Let’s get this out of the way quick. Don’t Fuck in the Woods is bad. Like really bad. If that’s all you wanted to know then you are more than welcome to take your leave of this review before I completely savage this movie. Seriously. I knew literally nothing about this, and with a name like it has I went in expecting something akin to Cabin in the Woods, or Final Girls. Oh, boy for one line of dialogue it might be, but for the rest it’s an utter shit show of sex (which I’ll touch on soon), Dollar Tree scares, and shittier acting. Directed by Shawn Burkett, Don’t Fuck in the Woods centers around a group of horny teenagers who go out in the woods to have a good time. And by good time I mean sexy time. And by sexy time I mean they find out something is hunting them. You all know the drill by now.
Don’t Fuck in the Woods is pretty straightforward in that it’s pretty stereotypical slasher flick. I don’t think anyone can get mad at that, because at most they are enjoyable for some reason or another. You have your three caricatures (A jock, his horny cheerleader girlfriend, and the stoner), along with the lesbian couple, and their friend who seems so out of place from this group of stereotypes it made no sense. They all fit into the well-worn types as much as I would as the obligatory Black Guy in the group. But that’s it. There is absolutely zero chemistry or effort between any of these actors, and the dialogue is the worst I’ve heard since Attack of the Clones. It’s porn levels bad, and I don’t mean the laughable kind (Do note that one of the characters has an extremely pornographic dream upon the audience first meeting him, and I mean down to the goddamn plumber outfit). As I said I was expecting something more tongue in cheek, and to what this viewer saw, that cheekiness is only over said in one line of dialogue about how Scream Queens have been reduced to hot girls running around naked and just screaming (The author wishes to argue that this merely what Scream Queens are, but then I have not seen every slasher movie under the sun, so I will refrain). There is nothing funny about this movie, no sassy humor about their situation and how similar it seems to other slasher flicks, no winks to the audience. Nothing. Its dull and void.
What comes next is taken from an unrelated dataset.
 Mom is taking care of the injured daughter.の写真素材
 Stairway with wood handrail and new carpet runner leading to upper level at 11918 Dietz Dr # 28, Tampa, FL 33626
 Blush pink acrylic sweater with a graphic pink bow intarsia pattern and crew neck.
Moving past the shitty acting, it also has to contend with how cheap it looks. And by this, I mean it looks like they had the camera from ten years ago do most of the shooting, because it looks like crap. I’d argue just like the acting, it’s also superbly pornographic and haphazard. And believe when I say, that I do not fault them for not having the budget they needed to make something bigger. But I’ve seen many others work with far less, and still be quite exceptional. The same can be said about the music which sounds like the cheapest metal they could afford and in zero ways does it add to anything other than being out of place. But hey there are good things, right? Sure, maybe. It’s fleeting at best. The creature itself has an interesting design, and its one they don’t hide for long. It looks like a more demonized version of the Gill-Man from Creature from the Black Lagoon, and is clearly where all the money went to. And all of this is good until you find out that the creature kills teenagers because its attracted to sexual activity, and then eats their genitals once they’ve been sexed up (all of this is shown but never really explained why or how)? Which given the case for why it kills the hapless teens, it then starts killing those who haven’t had any sex, and thus throws its own logic out the damn window!
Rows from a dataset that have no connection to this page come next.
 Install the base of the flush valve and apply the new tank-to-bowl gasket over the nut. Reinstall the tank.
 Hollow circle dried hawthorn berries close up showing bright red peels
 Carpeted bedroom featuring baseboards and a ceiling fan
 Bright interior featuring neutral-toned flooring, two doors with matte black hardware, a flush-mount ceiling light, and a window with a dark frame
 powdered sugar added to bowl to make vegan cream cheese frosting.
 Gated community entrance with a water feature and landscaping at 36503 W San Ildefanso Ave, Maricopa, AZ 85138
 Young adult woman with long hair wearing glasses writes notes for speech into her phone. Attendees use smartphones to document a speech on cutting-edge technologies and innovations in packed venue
Look, let’s be frank here; throughout the extremely brisk but not short enough 73-minute runtime I was under the impression I was watching a porno. It’s not lost on me that I’ve brought that word up many times throughout the course of this review, and that because that’s exactly what this movie felt and looked like. All of the effort seemed to be put into those scenes in particular, and while most slasher films like Friday the 13th do have copious amounts of nudity and sex, this film seemed to hone in on it despite itself. It was awkward and all I could do was root for the creature to off them quickly despite the kills and gore itself being quite lackluster. I wish I could say something redeemable about this film I do, but unfortunately there’s nothing remotely good or even decent about it. It’s bad, bad, bad, and I say stay away. So, if you want something meta or cheeky, Scream and Cabin the Woods are still out there for your endless enjoyment. Do yourself a favor and skip this one.